The museum building is a Grade I Heritage Building of the city and was awarded first prize (Urban Heritage Award) by the Bombay Chapter of the Indian Heritage Society for heritage building maintenance in 1990. In 1998 the Museum was renamed Chhatrapati Shivaji Maharaj Vastu Sangrahalaya after the warrior king and founder of the Maratha Empire, Shivaji. The museum was renamed after the renaming of the city in 1995, when the colonial name "Bombay" was replaced by the native "Mumbai".

Architecture
The museum building is situated in  area, having a built up area of 12,142.23m sq. It is surrounded by a garden of palm trees and formal flower beds.

The museum building, built of locally quarried grey Kurla basalt and buff coloured trachyte Malad stone. It is a three-storied rectangular structure, capped by a dome set upon a base, which adds an additional storey in the centre of the building. Built in the Western Indian and Indo-Saracenic style of architecture, the building accommodates a central entrance porch, above which rises a dome, tilled and modified well "tiled in white and blue flecks, supported on a lotus - petal base". A cluster of pinnacles, topped with miniature domes surround the central dome. The building incorporates features like Islamic dome with a finial along with protruding balconies and inlaid floors, inspired by Mughal palace architecture. The architect, George Wittet, modelled the dome on that of Golconda Fort and the inner vaulting arches on those at the Gol Gumbaz in Bijapur. The interior of the museum combines the columns, railings and balcony of an 18th-century Wada (a Maratha mansion) with Jain style interior columns, which form the main body of the central pavilion below the Maratha balcony.

In its recent modernisation programme (2008), the museum created  space for installation of five new galleries, a conservation studio, a visiting exhibition gallery and a seminar room, in the East Wing of the Museum. The museum also houses a library.

Collections

The museum collection comprises approximately 50,000 artefacts. The collection of the museum is categorised primarily into three sections: art,  archaeology and natural history.
The museum also houses a forestry section, which has specimens of timbers grown in the Bombay Presidency (British India), and one exhibiting a small local geological collection of rocks, minerals and fossils. The Maritime Heritage Gallery, which displays objects relating to navigation, is the "first of its kind in India". In 2008, the museum installed two new galleries, displaying the "Karl and Meherbai Khandalavala collection" and "the Coins of India".

Art section
The art section displays the collections of Sir Purushottam Mavji, acquired in 1915, and the art collections of Sir Ratan Tata and Sir Dorab Tata, donated in 1921 and 1933 respectively.

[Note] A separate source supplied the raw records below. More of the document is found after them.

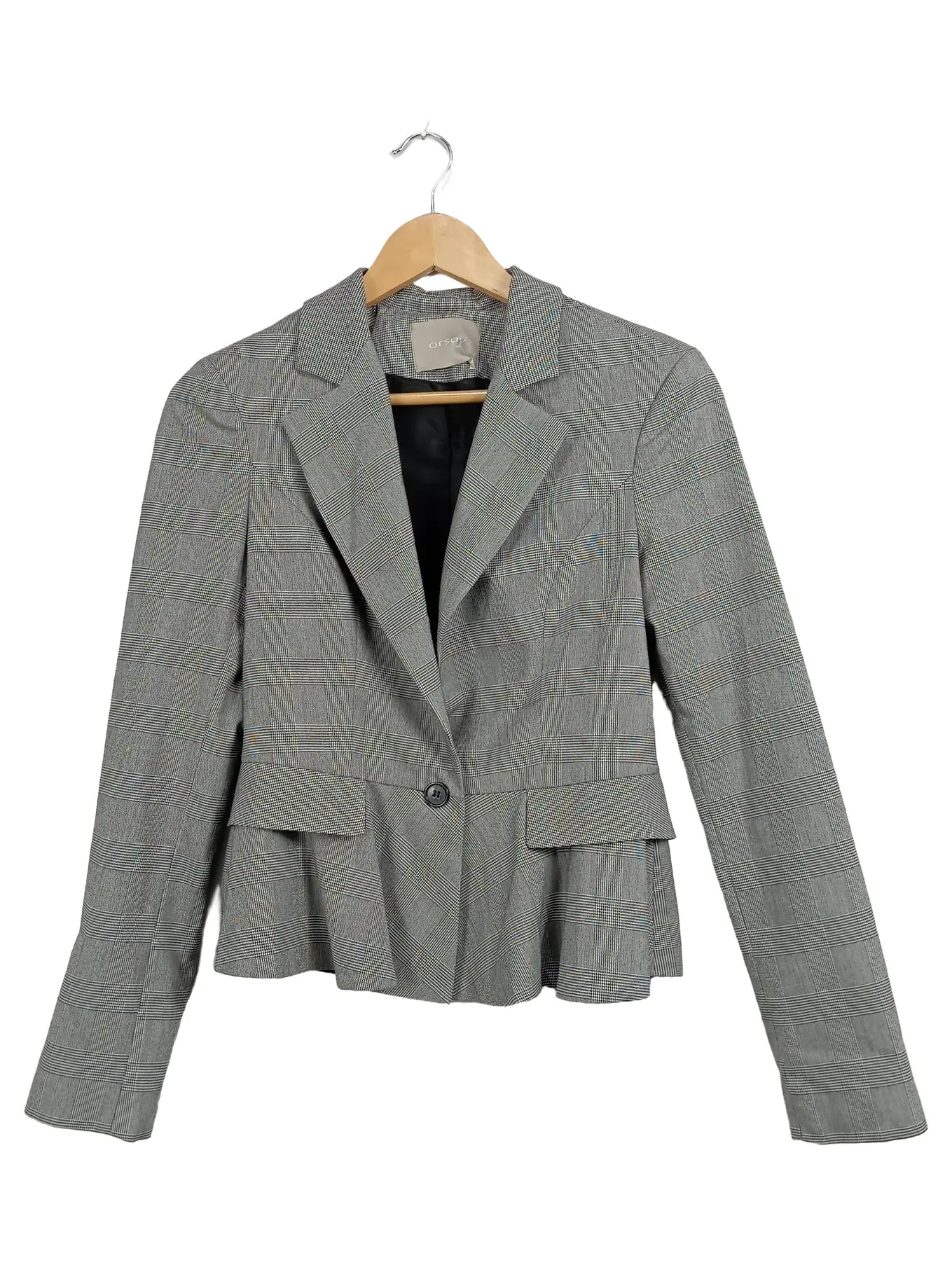 ORSAY Karierter Blazer Damen Grau Gr. 36/S Business Langarm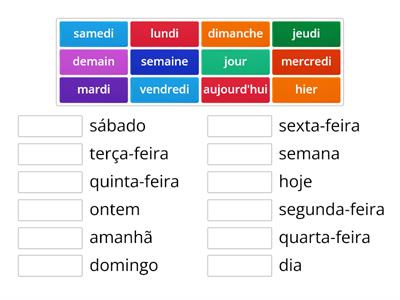 Portugais/Frances - Dias da Semana/Jours de la semaine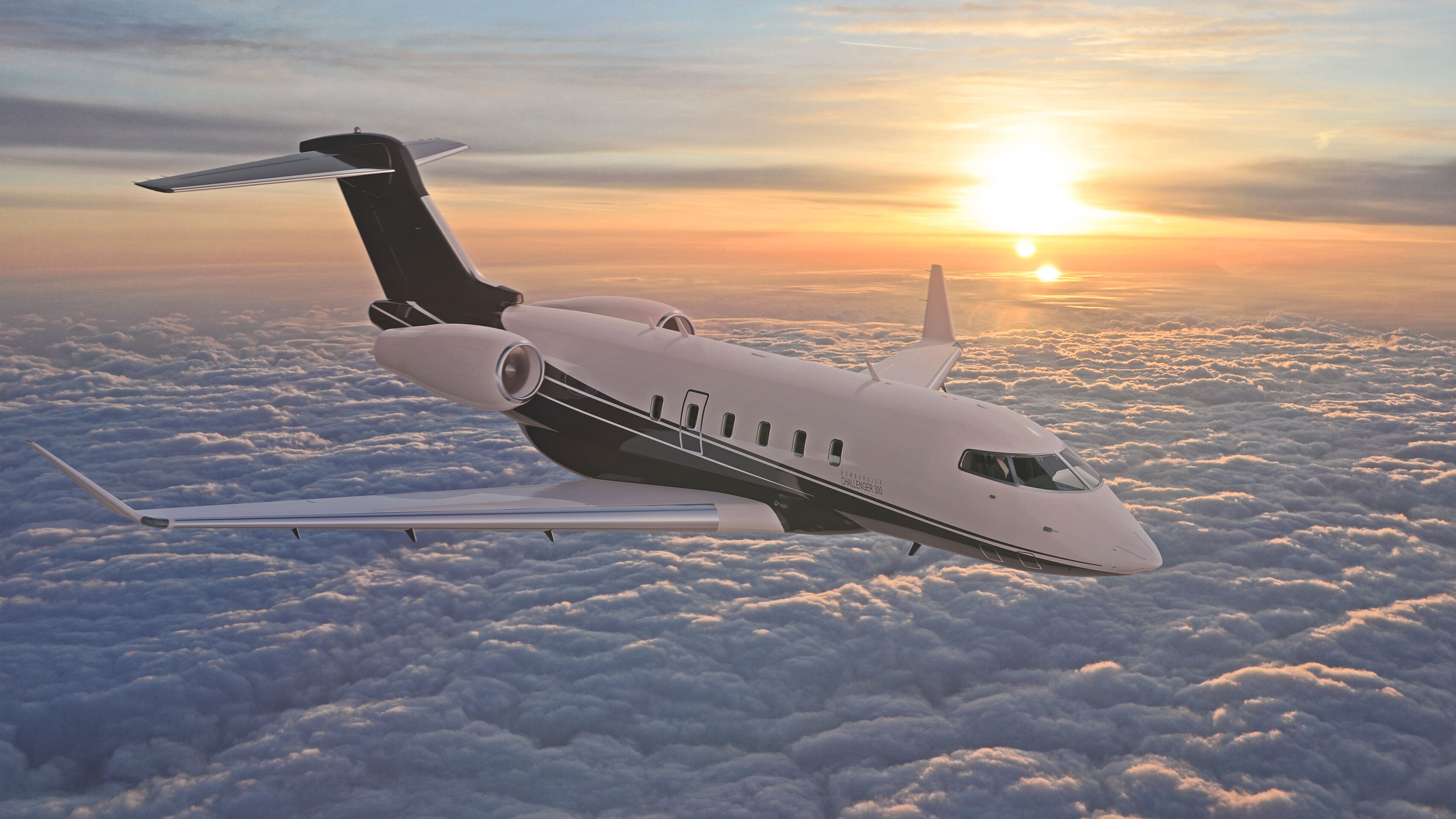 Airplane Bombardier Challenger 350 with interior 3D model_4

The museum's miniature collection encompasses representations of the main schools of Indian painting namely, Mughal, Rajasthani, Pahari and Deccani. It features palm leaf manuscripts dating to the 11th-12th centuries to the early 19th century pahari paintings, as well as paintings from the Sultanate period. Notable manuscripts housed in the museum include the Anwar-Suhayli painted in Mughal emperor Akbar’s studio and a 17th-century manuscript of the Hindu epic Ramayana from Mewar.

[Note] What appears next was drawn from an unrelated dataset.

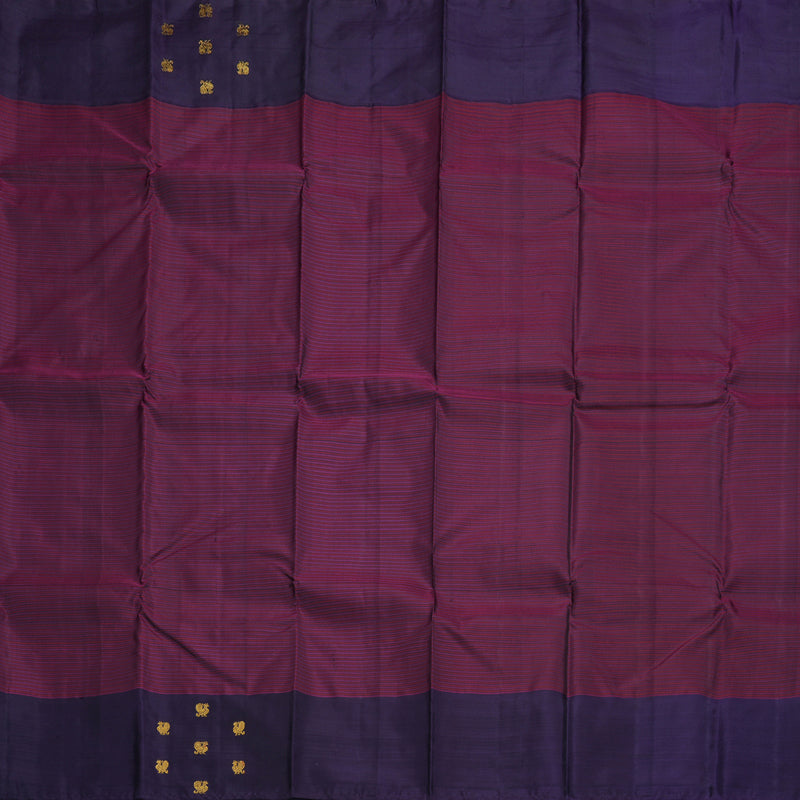 Hayagrivas Wine Purple Handloom Kanjivaram Silk Saree with Plum Purple Border BBD1493L1-1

The ivory section has artefacts dating as early as the Gupta era. The museum also has decorative artefacts such as textiles, ivories, Mughal jades, silver, gold and artistic metal ware. It also has a collection of European paintings, Chinese and Japanese porcelain, ivory and jade artefacts. The museum also has sections dedicated to arms and armour and another to Nepali and Tibetan art. 
The arms and armour section contains a finely decorated armour of Akbar dating to 1581 CE, consisting of a steel breastplate and a shield, the former inscribed with religious verses.

Archaeological section
Sculptures and coins transferred from the Poona Museum in Pune and the collections of the Bombay branch of the Royal Asiatic Society resulted in the development of an archaeological section, with precious sculptures and epigrams. The Indus Valley Culture Gallery houses fishing hooks, weapons, ornaments and weights and measures from the Indus Valley civilization (2600–1900 BCE). Artefacts from the excavation of the Buddhist stupa of Mirpurkhas, were housed in the Museum in 1919. The sculpture collection holds Gupta (280 to 550 CE) terracotta figures from Mirpurkhas in Sind of the early 5th century, artefacts dating to the Chalukyan era (6th-12th century, Badami Chalukyas and Western Chalukyas), and sculptures of the Rashtrakuta period (753 – 982 CE) from Elephanta, near Mumbai.

Natural history section
The Bombay Natural History Society aided the Museum Trust in creating the natural history section. The museum's natural history section makes use of habitat group cases and dioramas, along with diagrams and charts, to illustrate Indian wildlife, including flamingoes, great hornbills, Indian bison, and tigers.

New galleries
An exhibition entitled Pravaha highlighting early phase of Sir J. J. School of Art and the Progressive Art Movement was launched on 24 July 2017. The exhibition covered a range of paintings from the 1880s to 1950s through works of Pestonji Bomanji, Rustom Siodia, Sawlaram Haldankar, António Xavier Trindade, S. N. Gorakshakar, Govind Mahadev Solegaonkar, G. H. Nagarkar, J. M. Ahivasi, Raghunath Dhondopant Dhopeshwarkar, Raghuveer Govind Chimulkar, Rasiklal Parikh and Y. K. Shukla, Abalal Rahiman, Keshav Bhavanrao Chudekar, Lakshman Narayan Taskar, Syed Haider Raza, and K. H. Ara.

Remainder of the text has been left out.